■ **ACTIVITY**: Working from the entries that follow, transcribe exactly and only the lines from the one with "Orange and White" through the last, pictures excluded.

■ **Records from a collection**:
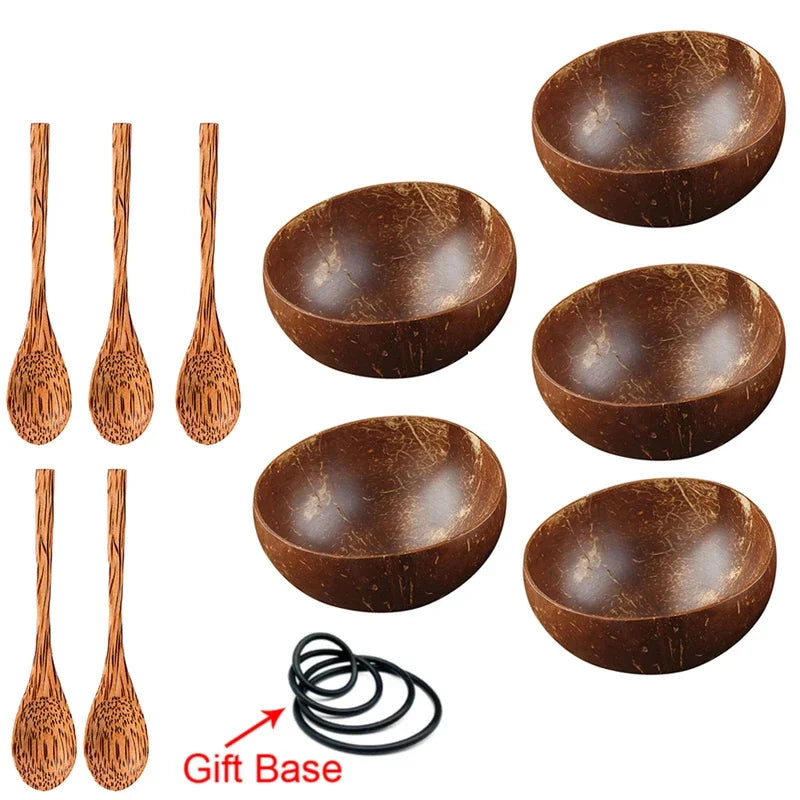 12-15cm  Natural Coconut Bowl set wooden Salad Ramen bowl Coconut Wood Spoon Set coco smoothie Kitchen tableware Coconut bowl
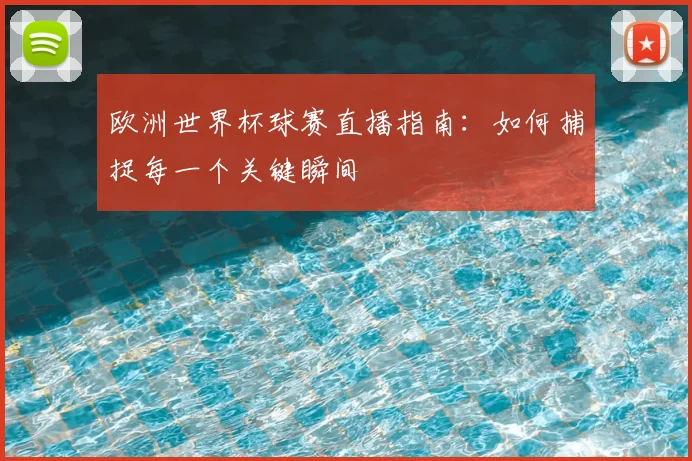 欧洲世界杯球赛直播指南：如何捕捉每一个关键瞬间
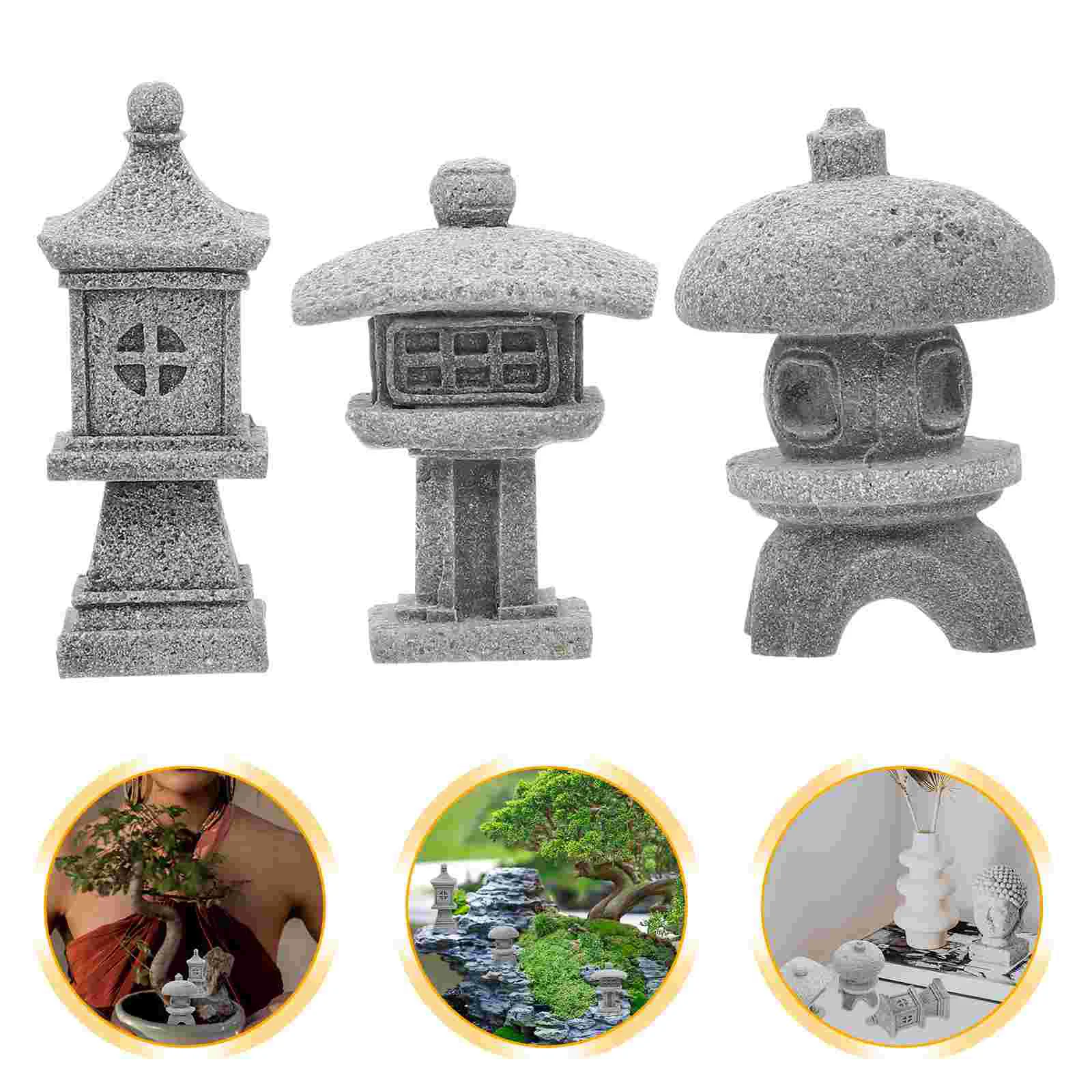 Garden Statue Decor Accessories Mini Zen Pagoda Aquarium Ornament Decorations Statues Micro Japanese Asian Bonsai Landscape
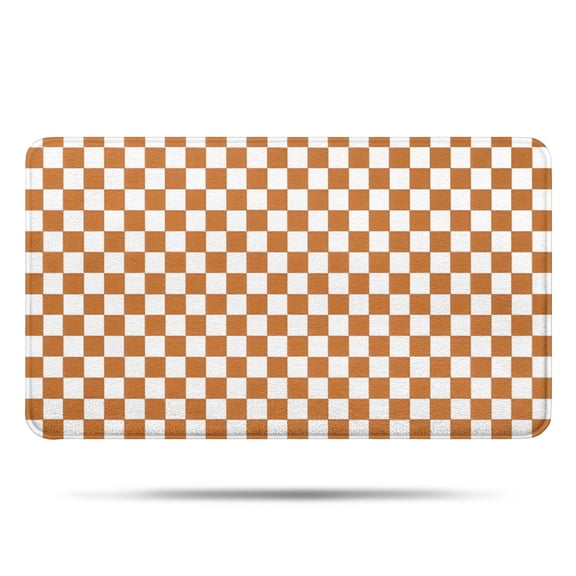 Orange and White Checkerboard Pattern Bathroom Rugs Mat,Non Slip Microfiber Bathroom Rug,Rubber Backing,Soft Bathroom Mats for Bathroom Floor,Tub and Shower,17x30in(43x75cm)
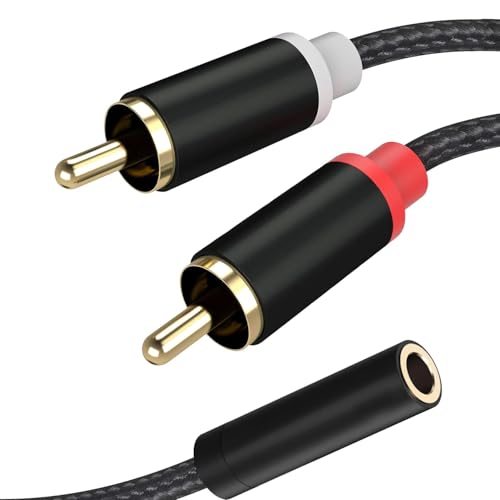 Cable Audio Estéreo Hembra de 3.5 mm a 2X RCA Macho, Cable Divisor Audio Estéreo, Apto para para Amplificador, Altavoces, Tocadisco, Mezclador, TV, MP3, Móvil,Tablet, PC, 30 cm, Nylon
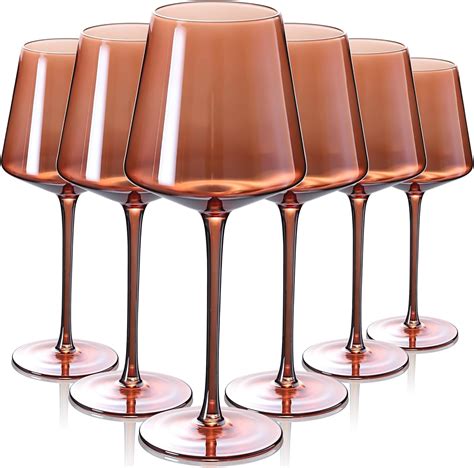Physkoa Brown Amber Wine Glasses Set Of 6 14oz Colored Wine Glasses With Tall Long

■ **ANSWER TO THIS PROBLEM**:
 Orange and White Checkerboard Pattern Bathroom Rugs Mat,Non Slip Microfiber Bathroom Rug,Rubber Backing,Soft Bathroom Mats for Bathroom Floor,Tub and Shower,17x30in(43x75cm)
 Cable Audio Estéreo Hembra de 3.5 mm a 2X RCA Macho, Cable Divisor Audio Estéreo, Apto para para Amplificador, Altavoces, Tocadisco, Mezclador, TV, MP3, Móvil,Tablet, PC, 30 cm, Nylon
Physkoa Brown Amber Wine Glasses Set Of 6 14oz Colored Wine Glasses With Tall Long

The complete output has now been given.